I grew up convinced I’d been born in the wrong decade.  I always thought I should have come of age in the 60s, been a part of a set of movements that were fought by and for everyday people, had the chance to witness “real” change happening.  And it only recently dawned on me that the span of my lifetime, and that of my peers, is mind-boggling in a totally different but also unique way.  Although the technology revolution is of a different nature than that of the antiwar and civil rights variety, it is also the mark of an amazingly wild and exciting time to be alive.

I often come back to this fact: I typed my college applications on a typewriter.  Sometimes I spend whole days coming back to this idea, wondering if there has in fact ever been a time in history in which so much change has happened so rapidly.  I also wonder how historians will recount this period in time: are we only at the beginning of what is to come? When/how did this wave of change really start? What social, economic, and political forces impacted the rate and speed of digital growth?  How do schools factor into all of this?

But I digress.  Really what inspired this post was downloading my first book on iBooks. I’m a recent iPhone convert, and while a big part of why I’ve avoided getting one is related to my klutz factor, a big part of me has resisted the functionality of apps like iBooks that aim to marry the physical and digital.  If you’ve ever been to my apartment, you’ve probably noticed my monstrous bookshelf.  Even though it holds my most precious possessions, I have a love-hate relationship with the shelf itself.  I kind of can’t stand it anymore — it’s been through seven apartments with me over the last decade — and the more information I take in digitally every day, the more I want to purge my life of physical things (like my books — I can’t even believe I’m saying that out loud!!) for if I keep them, the growing intake of digital information will at some point surely seem redundant.

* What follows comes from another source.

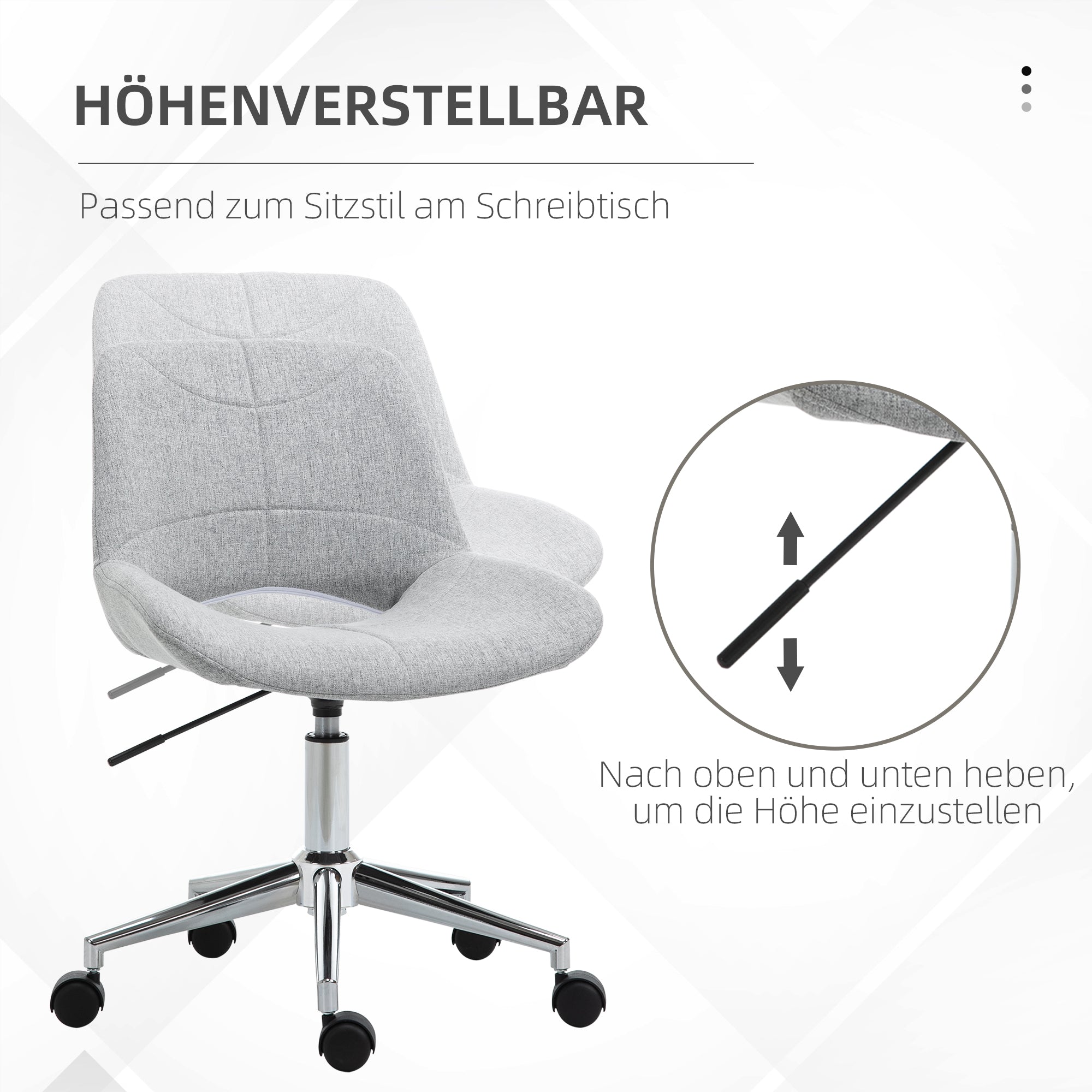 Office Chair, Armrest-Free Swivel, 110 kg, Light Grey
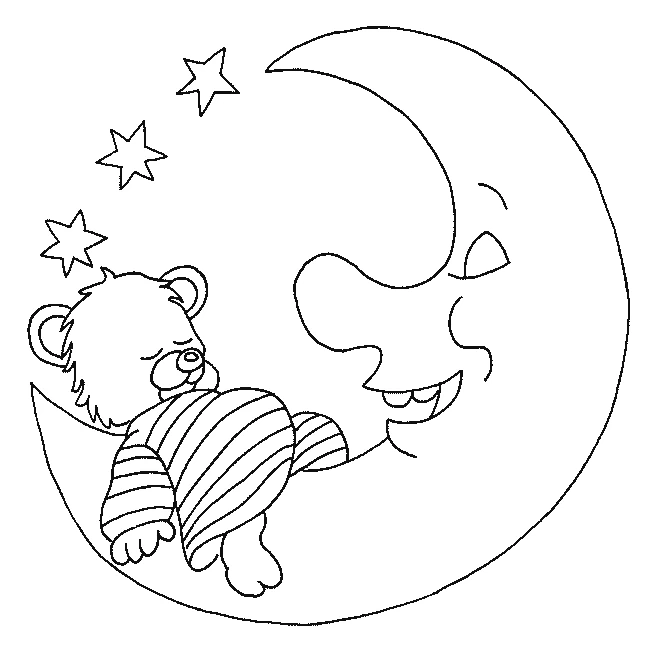 Dibujo de Oso durmiendo sobre una luna creciente para colorear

I can’t see myself getting rid of the well-worn tomes that my favorite high school English teacher assigned senior year, the stacks of heavily annotated political economy and education policy literature, my collections of Chris Van Allsberg books and Jacqueline Susann novels, the beautiful knitwear and fiber art books my grandmother gave me from the 70s, or the touchstone texts that guided me through the first years of teaching reading and writing in an elementary school.  But then I try to imagine what my iBooks library will look like a year from now — surely there will be more than just one volume sitting on my virtual shelves. So what happens to my actual books?  Will I end up purchasing them digitally, too?  Will my book collection become a retro conversation piece in twenty years?  Will my urge to purge anything in the physical world that I maintain a digital copy of grow? And related to my work: how can public elementary schools possibly keep up?

I went to a presentation at the American Educational Research Association annual meeting this year in New Orleans about the national education technology plan.  It was a fascinating symposium that went through a brief history of how the internet has affected students and learning throughout the U.S., and spent a lot of time explaining the plan for the near future.  All sorts of innovative ideas were shared about the impact technology is having (and could potentially have) on education, and the capabilities teachers have at their fingertips.  The catch is: only if there’s funding.  And at this point, the federal education technology plan puts the pressure on the states to back the plan with dollars to make it happen.  Of course we all know what’s happening with state budgets: they’re being slashed, and things like education are taking a huge hit.

So in my eyes, we’re at a real crossroads.  It’s not a clear-cut crossroads or even a fork in the road exactly — while I’m framing my thoughts here in the context of two distinct bodies (physical and digital), I see them as necessarily tangled.  I think a period of time will continue for a while in which most of us will kind of fumble now and then when we try to use an app that replicates something we’re already knowledgeable of tangibly (i.e., a book), but that eventually, the digital world will no longer seem to replicate (or try to imitate) the physical in the same ways.

I have so much more to say about this, but it’s the first week of the semester and I’m completely spent.  More tomorrow.

2 Replies to “Where Physical Ends and Digital Begins”

  1. Did you know that Princeton is cutting the landlines in dorm rooms, too? Because everyone has cell phones. Just ten years ago in college, I knew not a single person on campus with a cell phone. And now, no more UCALL. Crazy.

  2. That is crazy! If cell phones existed when we were in school, I would have needed to keep it padded with bubble wrap and attached to me. But my clumsiness aside, I guess the necessity for having instant access to information/emails/texts has risen to that point. But what of emergencies? I was thinking about that as we battened down the hatches in NYC in anticipation of Hurricane Irene. If my cell phone was charged, and the electricity went out, would it work? Last time something like that actually happened (the blackout of 2003), the cell lines were so clogged that it didn’t matter my phone was fully charged… Anyway, UCALL! End of an era.